FEIST: But once every 95 years, if they're going to win a World Series --


KEILAR: And see you again in about a century.

All right. Everyone, thank you so much. Really appreciate it.

And baby shark over there, too.


We have much more on our breaking news. The House officially voting to advance the impeachment investigation of President Trump. New reporting on the votes and the advice Mitch McConnell gave the president. (COMMERCIAL BREAK)


KEILAR: Right now, California Congresswoman Katie Hill is giving her last floor speech in front of Congress before she resigns today. Hill announced Sunday she was stepping down after allegations surfaced she had an inappropriate relationship with a campaign staffer before she took office.

Let's listen to part of what she said.

REP. KATIE HILL (D-CA): I'm leaving because I no longer want to be used as a bargaining chip.

I'm leaving because I didn't want to be peddled by papers and blogs and Web sites used by shameless operatives for the dirtiest gutter politics that I've ever seen and the right-wing media to drive clicks and expand their audience by distributing intimate photos of me, taken without my knowledge, let alone my consent, for the sexual satisfaction of millions.

I'm leaving because of the misogynistic culture that gleefully consumed my naked pictures, capitalized on my sexuality, and enabled my abusive ex to continue that abuse, this time with the entire country watching.

I am leaving because of the thousands of vile, threatening emails, calls and texts that made me fear for my life and the lives of the people that I care about.

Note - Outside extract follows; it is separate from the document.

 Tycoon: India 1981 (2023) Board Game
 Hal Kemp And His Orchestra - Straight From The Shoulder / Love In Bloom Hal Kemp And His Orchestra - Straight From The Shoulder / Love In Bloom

Today is the first time I've left my apartment since the photos, taken without my consent, were released. And I'm scared.

I'm leaving because, for the sake of my community, my staff, my family and myself, I can't allow this to continue.

KEILAR: That is California Congresswoman Katie Hill, speaking on the House floor right now.

She resigned after it was revealed initially by a conservative blog that she had had an inappropriate relationship with a campaign staffer before she was elected. Not illegal by California law, but certainly something that's considered inappropriate.

And then there was also -- something she admitted to, she also said she was not having a relationship with a congressional staffer. She had been investigated by -- was being investigated by the Ethics Committee because of that.

But she stepped down illuminating this discussion over revenge porn after these intimate photos were published of her online.

And that is it for me.

"NEWSROOM" with Brooke Baldwin starts right now. [14:00:00]

ANNOUNCER: This is CNN breaking news.

BROOKE BALDWIN, CNN HOST: Brianna, we'll take it.

Hi there. I'm Brooke Baldwin. You're watching CNN on this Halloween Thursday. Thank you for being here.